**WHAT IS NEEDED:** Transcribed word for word, the lines below from the one with "leswel（レスウェル）の「【L～5L 大きいサイズ】カット ジョーゼット" through the last line of the records form the answer; no picture is to be included.

┌─ DATA SHOWN

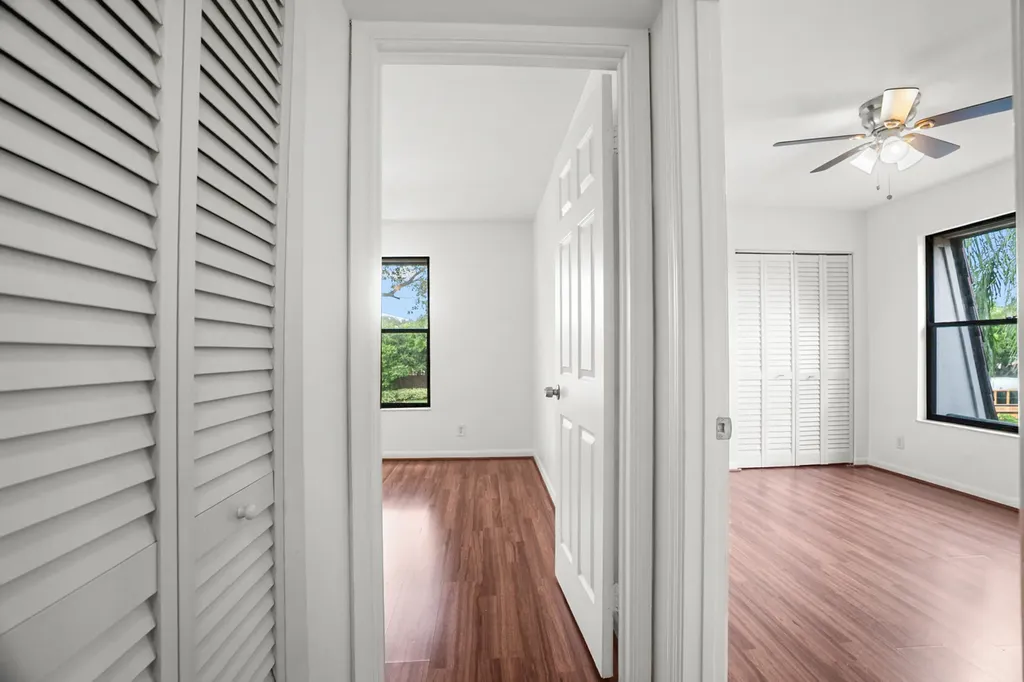 7690 Courtyard Run W Boca Raton FL 33433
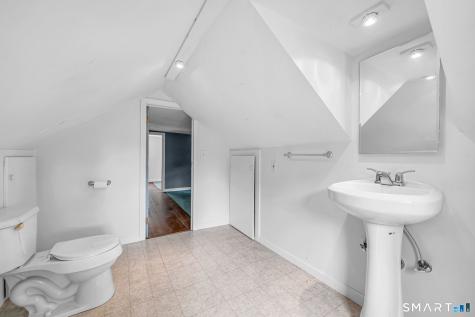 24 West Shore Drive Enfield CT 06082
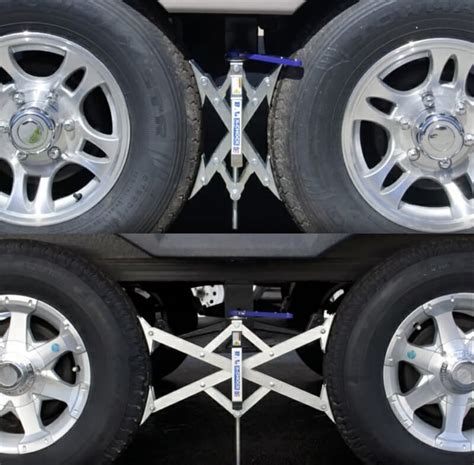 Best Wheel Chocks And X-Chock Stabilizers (2024) For RV And Campers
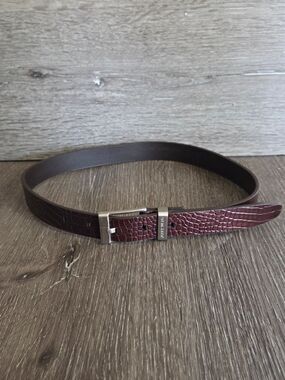 Jones Wear Brown Croc-Embossed Leather Belt - Small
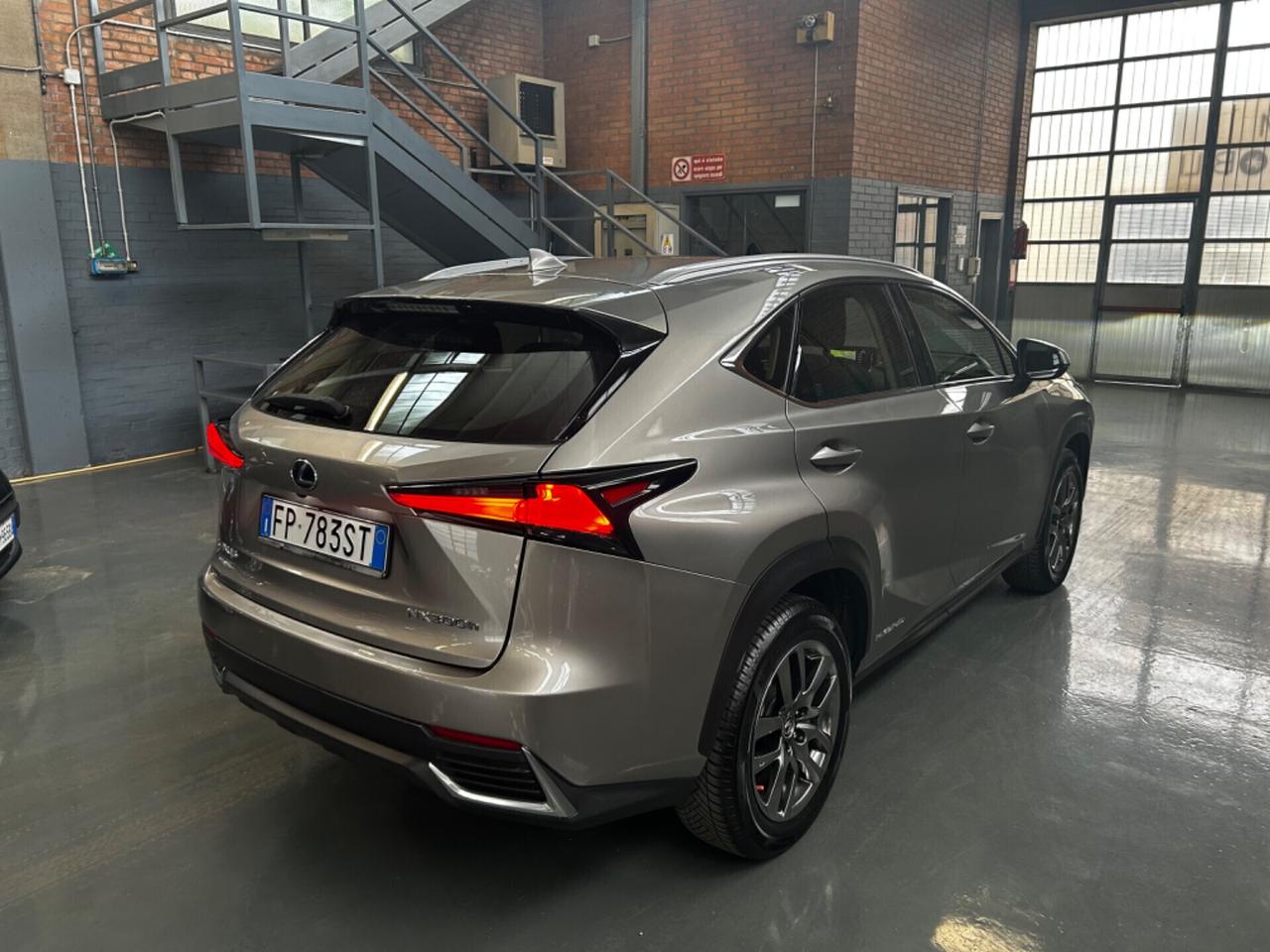 Lexus NX 300h NX Hybrid Business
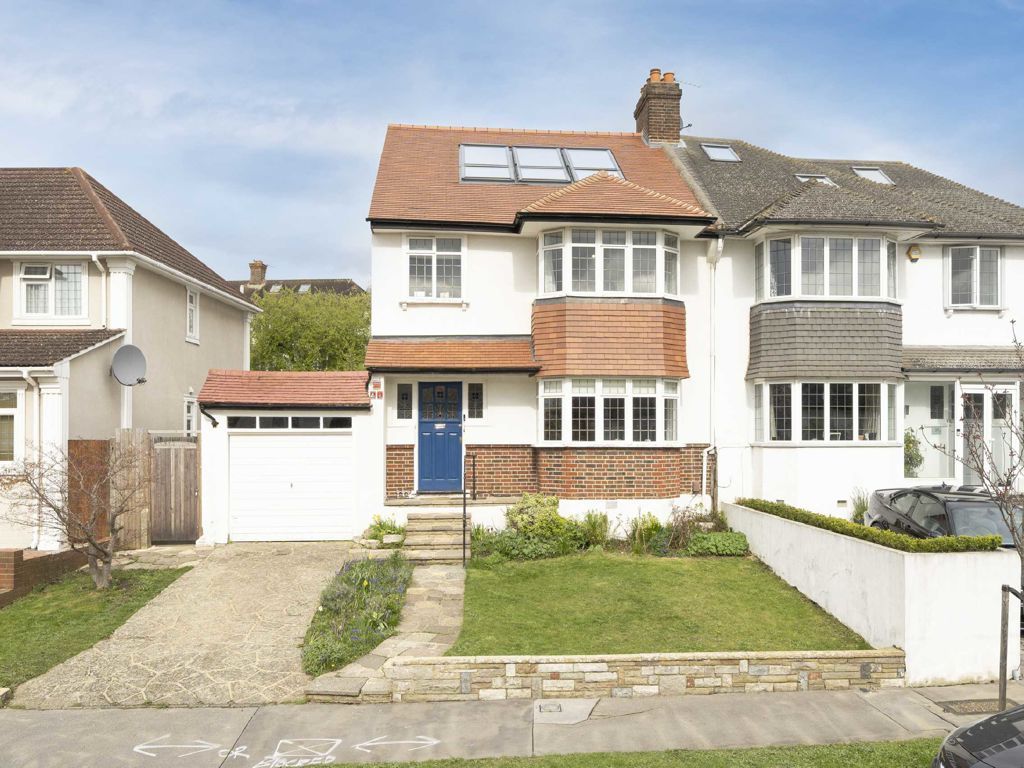 5 bed semidetached house for sale in Crescent Way, London SW16, £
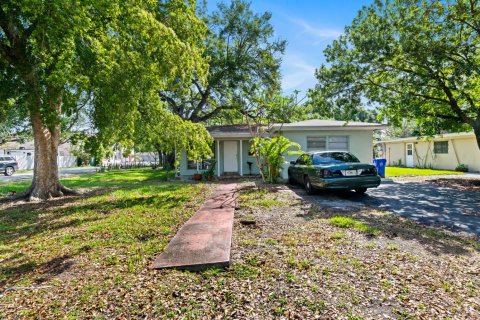 Commercial property in Fort Lauderdale, Florida 559.64 sq.m. № 2146627 - photo 20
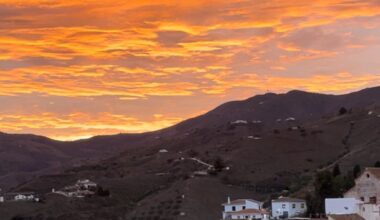Spain's underrated road trip through 'raisin country' in the Malaga mountains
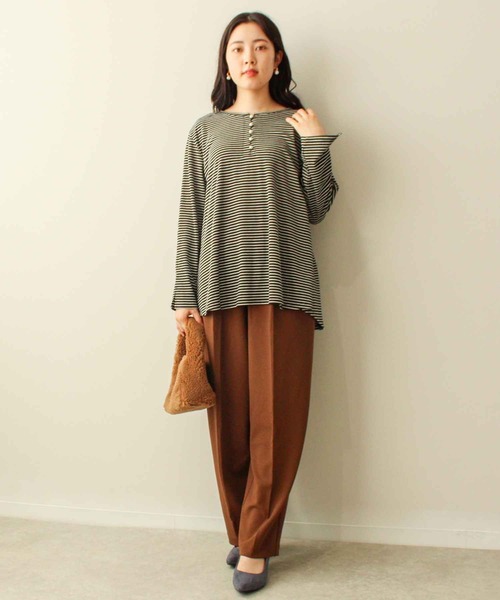 leswel（レスウェル）の「【L～5L 大きいサイズ】カット ジョーゼット タック テーパードパンツ（その他パンツ・レディース・ブラウン/ブラック・5L/4L/3L/LL/L）」の14枚目の写真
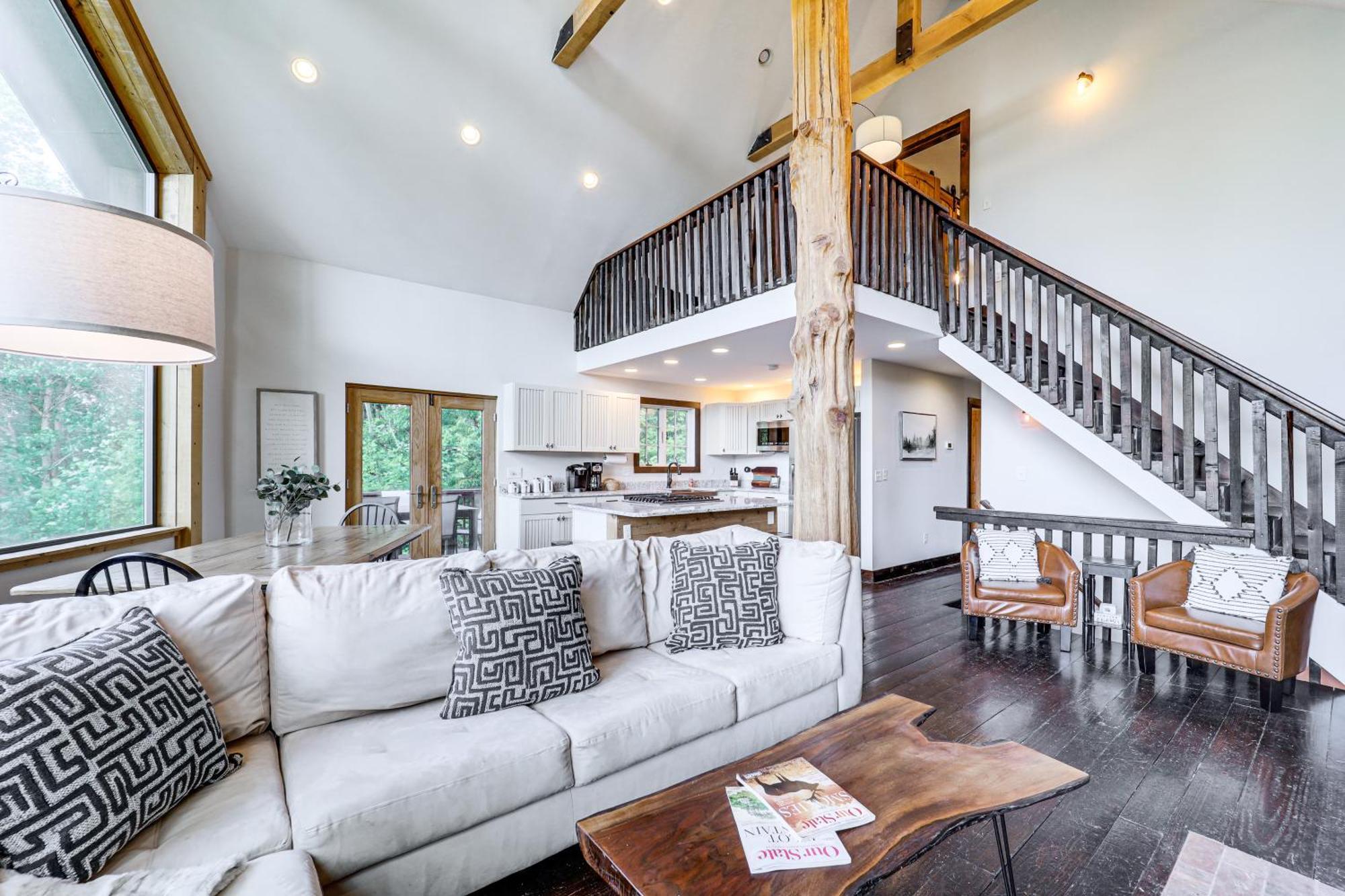 Luxe Appalachian Mountain Cabin With Hot Tub, Views Warrensville Екстер'єр фото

└─

**RESULT:**
 leswel（レスウェル）の「【L～5L 大きいサイズ】カット ジョーゼット タック テーパードパンツ（その他パンツ・レディース・ブラウン/ブラック・5L/4L/3L/LL/L）」の14枚目の写真
 Luxe Appalachian Mountain Cabin With Hot Tub, Views Warrensville Екстер'єр фото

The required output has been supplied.